Problem »
For the material below, return exactly the lines starting at the line containing "Main image of" and ending at the line containing "Live cam show", both ends included, and no others.

Start of Records provided

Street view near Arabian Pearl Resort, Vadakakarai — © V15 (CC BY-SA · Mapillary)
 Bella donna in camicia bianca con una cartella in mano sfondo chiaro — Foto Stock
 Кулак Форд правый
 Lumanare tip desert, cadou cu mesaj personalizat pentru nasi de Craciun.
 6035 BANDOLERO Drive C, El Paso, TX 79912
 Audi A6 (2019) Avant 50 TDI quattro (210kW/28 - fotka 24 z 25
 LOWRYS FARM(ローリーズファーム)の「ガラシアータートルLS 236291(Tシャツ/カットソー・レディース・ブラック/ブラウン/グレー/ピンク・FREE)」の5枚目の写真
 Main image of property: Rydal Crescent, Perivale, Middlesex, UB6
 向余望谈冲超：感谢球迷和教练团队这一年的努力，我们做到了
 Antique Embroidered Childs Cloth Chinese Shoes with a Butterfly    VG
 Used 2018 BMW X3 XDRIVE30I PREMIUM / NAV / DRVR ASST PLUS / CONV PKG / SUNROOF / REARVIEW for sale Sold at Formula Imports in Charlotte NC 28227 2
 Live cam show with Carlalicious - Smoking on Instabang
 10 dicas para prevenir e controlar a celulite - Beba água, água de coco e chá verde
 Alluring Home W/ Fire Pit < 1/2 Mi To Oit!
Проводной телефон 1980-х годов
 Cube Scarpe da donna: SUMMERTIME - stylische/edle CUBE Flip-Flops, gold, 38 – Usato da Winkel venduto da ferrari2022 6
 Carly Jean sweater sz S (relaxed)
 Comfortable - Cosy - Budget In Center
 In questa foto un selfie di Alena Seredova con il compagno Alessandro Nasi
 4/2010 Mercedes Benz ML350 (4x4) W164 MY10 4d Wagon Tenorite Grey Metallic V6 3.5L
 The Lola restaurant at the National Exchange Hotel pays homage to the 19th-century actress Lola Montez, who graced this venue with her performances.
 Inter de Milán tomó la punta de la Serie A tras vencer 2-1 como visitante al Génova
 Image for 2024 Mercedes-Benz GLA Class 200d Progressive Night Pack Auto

End of Records provided

Exercise answer »
 Main image of property: Rydal Crescent, Perivale, Middlesex, UB6
 向余望谈冲超：感谢球迷和教练团队这一年的努力，我们做到了
 Antique Embroidered Childs Cloth Chinese Shoes with a Butterfly    VG
 Used 2018 BMW X3 XDRIVE30I PREMIUM / NAV / DRVR ASST PLUS / CONV PKG / SUNROOF / REARVIEW for sale Sold at Formula Imports in Charlotte NC 28227 2
 Live cam show with Carlalicious - Smoking on Instabang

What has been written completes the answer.